Given a set of input features X ∈ R L×C C is the feature dimension, L ═ W × H (where W is width and H is height), and each original feature is mapped into the interaction space by the learning projection function f to obtain a new feature V, which can be defined as:
V=f(X)∈R N×C (1)
where N is the number of nodes in the interaction space.

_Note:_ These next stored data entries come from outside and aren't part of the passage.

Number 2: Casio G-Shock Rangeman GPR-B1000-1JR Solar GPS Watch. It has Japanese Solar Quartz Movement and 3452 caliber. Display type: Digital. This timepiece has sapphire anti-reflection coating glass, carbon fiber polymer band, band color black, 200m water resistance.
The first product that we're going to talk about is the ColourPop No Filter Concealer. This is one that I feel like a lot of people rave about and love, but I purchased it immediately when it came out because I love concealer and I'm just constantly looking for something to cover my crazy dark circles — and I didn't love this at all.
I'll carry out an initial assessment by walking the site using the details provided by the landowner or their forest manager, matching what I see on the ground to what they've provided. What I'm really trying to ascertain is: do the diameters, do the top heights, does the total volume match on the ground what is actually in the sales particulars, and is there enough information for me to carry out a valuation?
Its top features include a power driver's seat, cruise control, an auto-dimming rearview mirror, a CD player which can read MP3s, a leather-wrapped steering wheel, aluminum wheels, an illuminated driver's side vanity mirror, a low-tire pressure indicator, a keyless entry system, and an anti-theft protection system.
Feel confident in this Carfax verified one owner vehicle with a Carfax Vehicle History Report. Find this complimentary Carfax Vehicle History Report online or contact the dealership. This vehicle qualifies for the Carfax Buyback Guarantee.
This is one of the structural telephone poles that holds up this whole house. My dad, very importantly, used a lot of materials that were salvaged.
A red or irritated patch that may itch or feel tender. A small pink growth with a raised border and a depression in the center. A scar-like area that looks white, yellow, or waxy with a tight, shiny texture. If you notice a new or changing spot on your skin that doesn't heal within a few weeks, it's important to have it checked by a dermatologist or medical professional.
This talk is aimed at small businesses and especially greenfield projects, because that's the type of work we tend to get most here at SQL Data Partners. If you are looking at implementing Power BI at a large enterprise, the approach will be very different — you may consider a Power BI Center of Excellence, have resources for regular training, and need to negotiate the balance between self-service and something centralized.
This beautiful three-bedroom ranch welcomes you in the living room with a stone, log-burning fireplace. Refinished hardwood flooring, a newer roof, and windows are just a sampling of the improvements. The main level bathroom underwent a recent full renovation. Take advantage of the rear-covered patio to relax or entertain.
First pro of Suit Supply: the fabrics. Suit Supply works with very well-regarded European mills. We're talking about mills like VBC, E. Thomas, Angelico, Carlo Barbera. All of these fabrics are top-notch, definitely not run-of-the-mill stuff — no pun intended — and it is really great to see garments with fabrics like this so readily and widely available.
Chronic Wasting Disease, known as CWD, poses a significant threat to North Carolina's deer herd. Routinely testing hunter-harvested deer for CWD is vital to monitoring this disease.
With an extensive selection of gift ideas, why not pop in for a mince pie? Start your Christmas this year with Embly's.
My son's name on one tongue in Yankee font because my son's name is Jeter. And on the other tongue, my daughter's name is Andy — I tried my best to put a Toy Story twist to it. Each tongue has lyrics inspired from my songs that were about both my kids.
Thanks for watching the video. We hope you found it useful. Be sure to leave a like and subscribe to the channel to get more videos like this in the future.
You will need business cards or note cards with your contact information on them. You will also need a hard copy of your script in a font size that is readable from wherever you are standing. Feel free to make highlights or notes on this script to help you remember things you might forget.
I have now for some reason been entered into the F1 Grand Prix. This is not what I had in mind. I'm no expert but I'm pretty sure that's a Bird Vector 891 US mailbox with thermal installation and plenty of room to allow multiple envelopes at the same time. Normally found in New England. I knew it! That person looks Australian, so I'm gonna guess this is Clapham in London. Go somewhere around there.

To reason directly about a set of regions, the projection function is expressed as a linear combination of the original features, so that the new features can aggregate information from multiple regions, specifically, each new feature is generated by the following formula:
Figure BDA0003655383890000091
wherein the learnable projection weight B ═ B 1 ,…,b N ]∈R N×L ,x j ∈R 1×C ,v i ∈R 1×C ,i∈[1,N],j∈[1,C]。
To reduce the output dimension and enhance the capacity of the projection function, X is implemented as phi (X; W) φ ) B is realized as B ═ θ (X; w is a group of θ ) Modeling phi (-) and theta (-) by two 1 x 1 convolutional layers, where W φ And W θ Is a weight parameter that each layer can learn, namely:
V=θ(X;W θ )φ(X;W φ )∈R N×C (3)
(2) the second step is that: the relationship inference is performed by graph convolution.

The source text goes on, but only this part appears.